Retail and wholesale buyers don't exist in a vacuum-they know the market and usually recognize products that have potential. But small businesses without track records have no credibility. That's why they need a marketing plan.

Case in point: Goose Island. Before approaching buyers, the company crafted a marketing plan that left no question in buyers' minds about the potential success of its brews. In addition to solid research showing the profits that could be gained in the fledgling Midwestern specialty beer business, Goose Island's plan showed buyers the microbrewer would follow through. "We made sure buyers were aware that the category was growing and that there were good margins for buyers in it," says Hall. "Then we showed them how we envisioned taking the product to market."
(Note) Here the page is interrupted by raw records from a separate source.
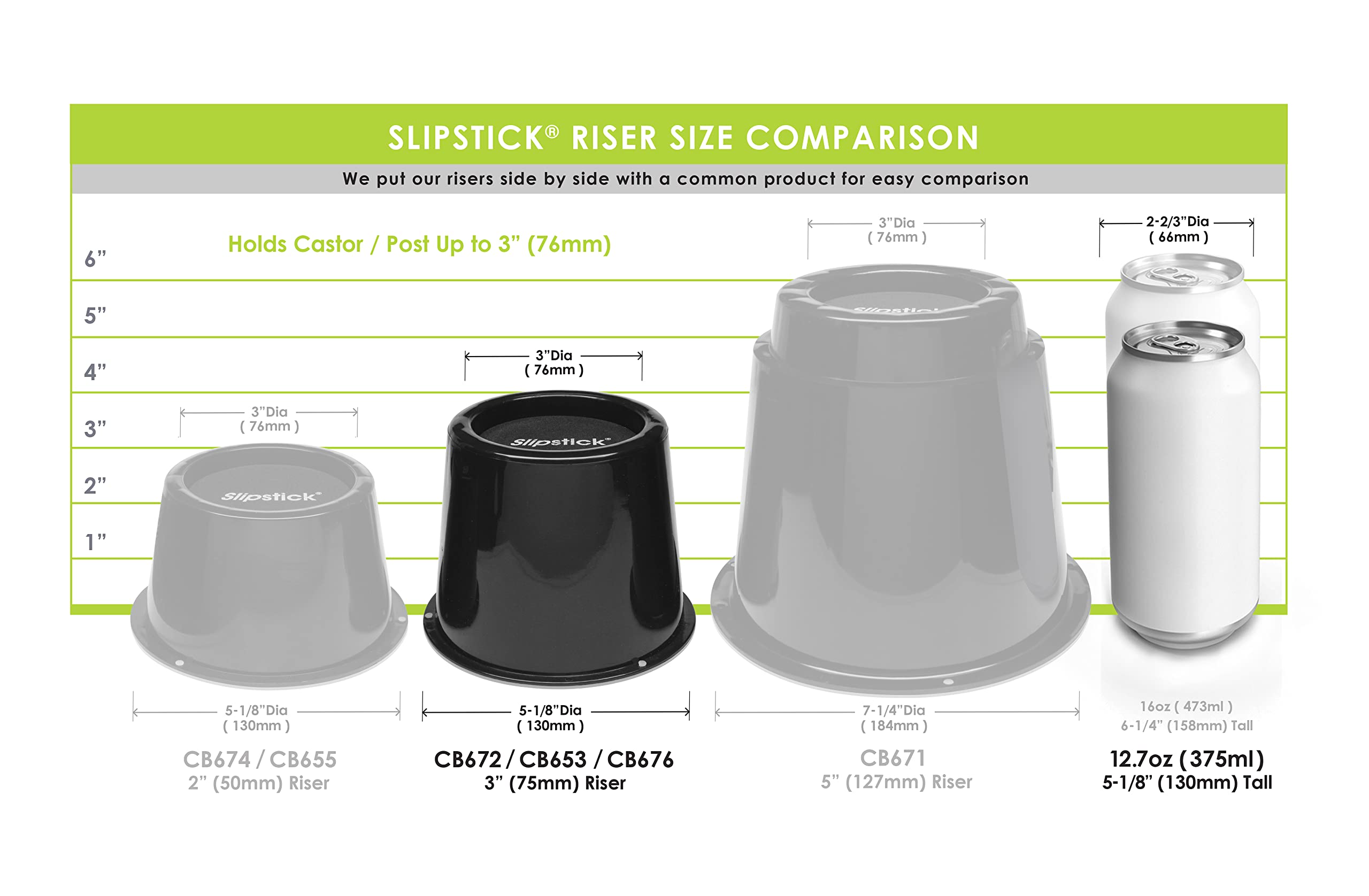 Slipstick Premium 3 Inch Bed Risers/Furniture Raisers With Steel Reinforced Holder Top, Lifts Height 3'' (6 Pack) Supports 3,960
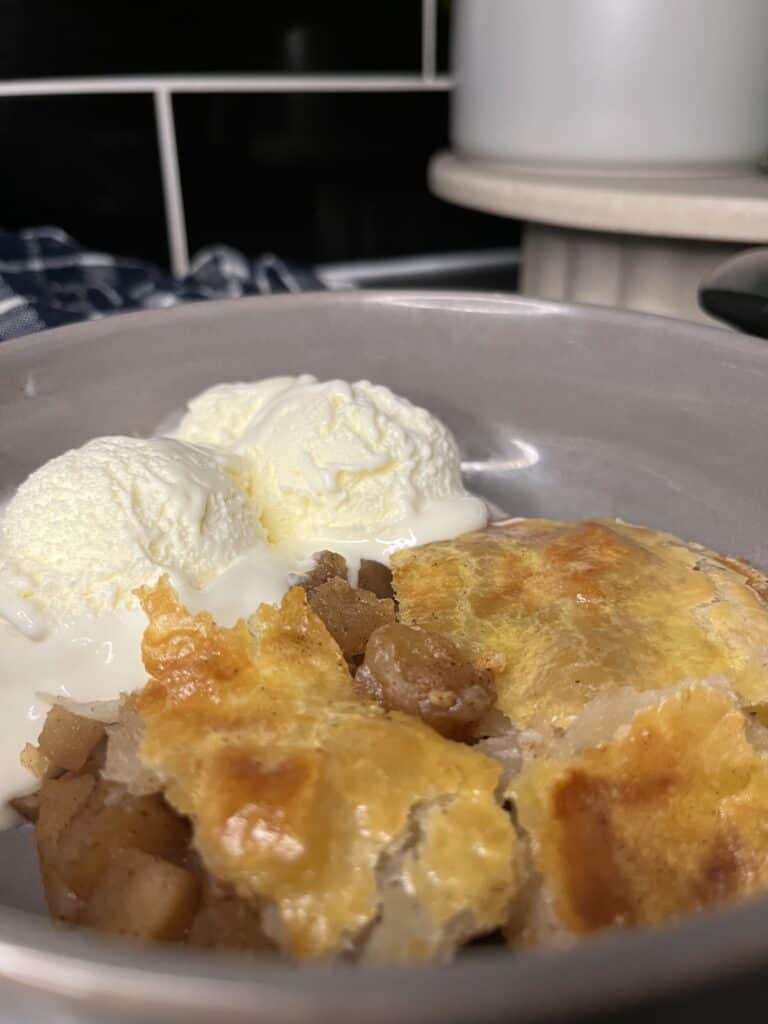 gluten free, vegan, apple pie with vanilla ice cream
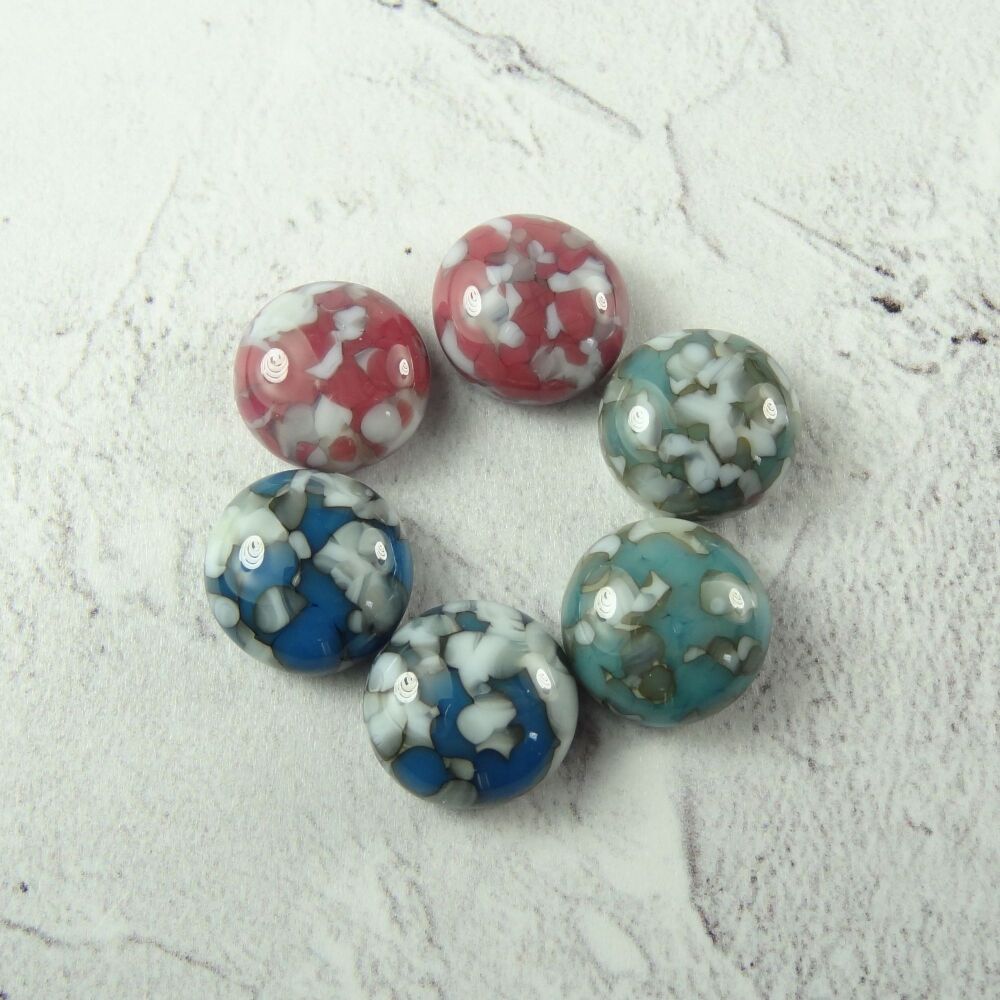 6 handcrafted fused glass 1cm round/spot/dot cabochons, perfect for jewellery making or crafting - blue turquoise pink (#160)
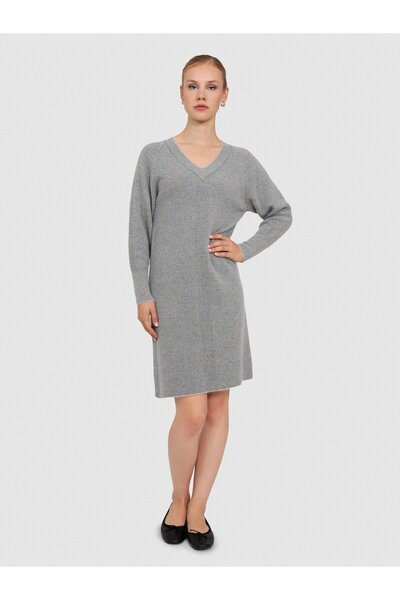 Serianno Yün Karışımlı Tüvit Örgü Elbise Elb7524grı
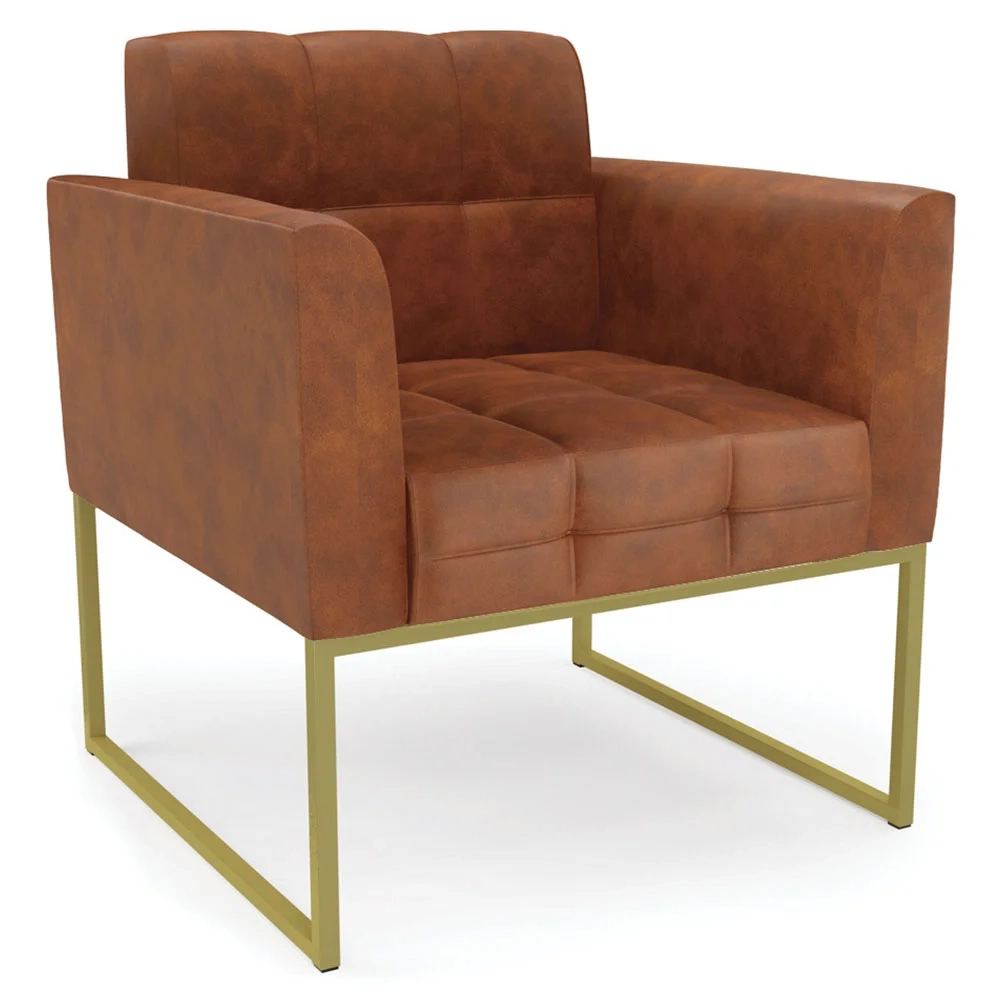 Sofá Namoradeira e 2 Poltronas Base Industrial Dourado Ana Sintético PU Nozes - Ibiza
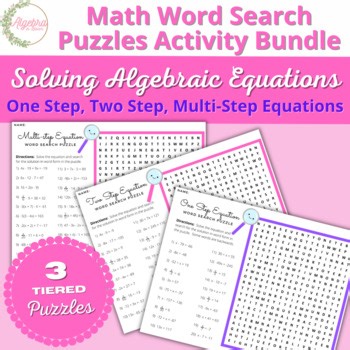 Equations Word Search Puzzle Activity Bundle // One, Two & Multi step Equations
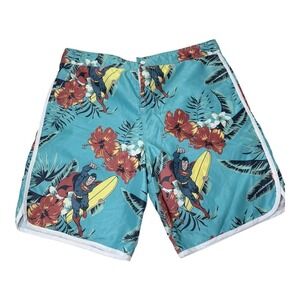 Superman Swim Trunks Mens XXL Blue Tropical Hibiscus Surfing Board Shorts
Hall advises entrepreneurs to develop a plan that works for everyone in the supply chain. "Your plan has to work for distributors, because they have to feel confident that retailers are going to order your product, and it has to work for retailers, because they have to feel confident that consumers are going to buy it," says Hall. "Our plan worked because it supported the entire distribution chain, from packaging to advertising."

4. Develop Collateral

According to Pam Marker, a Greenwich, Connecticut, marketing and design consultant and former small-business owner, one of the best ways to grab and keep a buyer's attention is to put together a catalog to display your products. "[A catalog] is your best salesperson," says Marker. "Hundreds of your competitors are contacting the same buyers you contact. You want to give buyers something they can keep so they'll remember you."

Catalogs and other materials, such as presentation kits and price sheets, don't have to be glossy, expensive brochures. The key is to look organized, says Johnson, who is impressed when her suppliers have product specification sheets, price lists, order forms and invoices.